In a significant medical breakthrough, scientists have harnessed the power of artificial intelligence to identify two entirely new biological subtypes of multiple sclerosis (MS). This landmark discovery promises to revolutionise how the complex neurological condition is monitored and treated, moving away from a one-size-fits-all approach.
How AI Unlocked New MS Classifications
The pioneering research was conducted by a team from Queen Square Analytics and University College London (UCL). Their study, published in the journal Brain on Wednesday 31 December 2025, analysed data from 634 MS patients. The scientists employed sophisticated AI algorithms to scrutinise routine brain scans alongside measurements of a key blood biomarker called serum neurofilament light chain (sNfL), which indicates nerve cell injury.
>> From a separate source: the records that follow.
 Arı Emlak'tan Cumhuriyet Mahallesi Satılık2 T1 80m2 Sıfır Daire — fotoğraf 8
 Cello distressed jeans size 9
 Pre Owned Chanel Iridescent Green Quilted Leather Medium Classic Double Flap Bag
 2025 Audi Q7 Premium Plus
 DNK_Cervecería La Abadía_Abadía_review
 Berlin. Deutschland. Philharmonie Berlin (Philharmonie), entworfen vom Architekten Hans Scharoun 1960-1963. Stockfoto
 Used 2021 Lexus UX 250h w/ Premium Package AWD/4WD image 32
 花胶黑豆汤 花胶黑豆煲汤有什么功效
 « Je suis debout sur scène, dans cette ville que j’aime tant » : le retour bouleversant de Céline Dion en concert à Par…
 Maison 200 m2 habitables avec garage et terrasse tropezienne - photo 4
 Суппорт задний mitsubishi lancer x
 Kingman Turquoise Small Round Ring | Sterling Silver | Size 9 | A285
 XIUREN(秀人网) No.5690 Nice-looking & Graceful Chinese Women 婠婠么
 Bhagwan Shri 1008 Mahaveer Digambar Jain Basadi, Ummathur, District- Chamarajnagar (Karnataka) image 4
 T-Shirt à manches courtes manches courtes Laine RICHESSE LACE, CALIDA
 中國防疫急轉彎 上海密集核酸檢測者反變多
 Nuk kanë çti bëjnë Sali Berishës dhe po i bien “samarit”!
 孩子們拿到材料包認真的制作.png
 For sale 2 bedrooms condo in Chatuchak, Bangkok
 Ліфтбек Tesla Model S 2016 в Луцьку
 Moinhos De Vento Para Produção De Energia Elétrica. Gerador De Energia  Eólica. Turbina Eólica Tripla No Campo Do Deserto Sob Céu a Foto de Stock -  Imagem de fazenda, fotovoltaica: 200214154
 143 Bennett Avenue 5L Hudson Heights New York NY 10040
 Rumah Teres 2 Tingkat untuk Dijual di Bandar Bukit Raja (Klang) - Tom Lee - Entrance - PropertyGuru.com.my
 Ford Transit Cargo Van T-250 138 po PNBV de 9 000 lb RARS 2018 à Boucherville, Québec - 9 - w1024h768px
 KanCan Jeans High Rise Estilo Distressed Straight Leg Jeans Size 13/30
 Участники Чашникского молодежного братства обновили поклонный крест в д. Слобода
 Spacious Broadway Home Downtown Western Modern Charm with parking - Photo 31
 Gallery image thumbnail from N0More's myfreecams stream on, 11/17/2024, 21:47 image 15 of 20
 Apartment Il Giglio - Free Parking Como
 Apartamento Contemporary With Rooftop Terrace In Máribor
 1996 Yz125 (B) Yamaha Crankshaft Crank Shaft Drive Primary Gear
This innovative methodology revealed two distinct "biologically informed MS sub-types," which the current clinical labels of relapsing-remitting or progressive MS fail to capture. Dr Arman Eshaghi, the study's lead author from the UCL Queen Square Institute of Neurology, stated: "Using routine brain images and a blood marker of nerve-cell injury, we identified two distinct biological trajectories in multiple sclerosis."
Defining the Two New Subtypes
The first newly identified subtype has been termed 'early-sNfL'. Patients in this group exhibit high levels of the sNfL biomarker early in their disease progression. Crucially, this is coupled with visible damage to a specific brain region known as the corpus callosum, which is vital for coordinating thought, memory, and movement.
The second subtype is 'late-sNfL'. Here, patients show a later rise in the sNfL marker. This pattern is associated with early volume loss in both the cortical and deep grey matter of the brain, as detailed by the researchers.
A Step Towards Personalised MS Care
This discovery has profound implications for the future of MS management. It provides a biological explanation for why the disease follows such varied paths in different individuals, something that has long puzzled clinicians and patients alike.
Caitlin Astbury, Senior Research Communications Manager at the MS Society, highlighted the importance of the findings to The Guardian. "MS is complex and these [current] categories often don't accurately reflect what is going on in the body, which can make it difficult to treat effectively," she explained. "The more we learn about the condition, the more likely we will be able to find treatments that can stop disease progression."
Dr Eshaghi emphasised that this work is a major stride towards more personalised medicine. By understanding an individual's specific biological subtype, healthcare professionals could tailor monitoring and treatment strategies far more precisely than is possible today.
MS is a lifelong condition affecting the brain and spinal cord, where damage to the protective sheath around nerves leads to symptoms like severe fatigue, chronic pain, muscle spasms, and mobility issues. This UK-led research, blending cutting-edge AI with clinical neuroscience, offers renewed hope for the over 130,000 people living with MS across the country.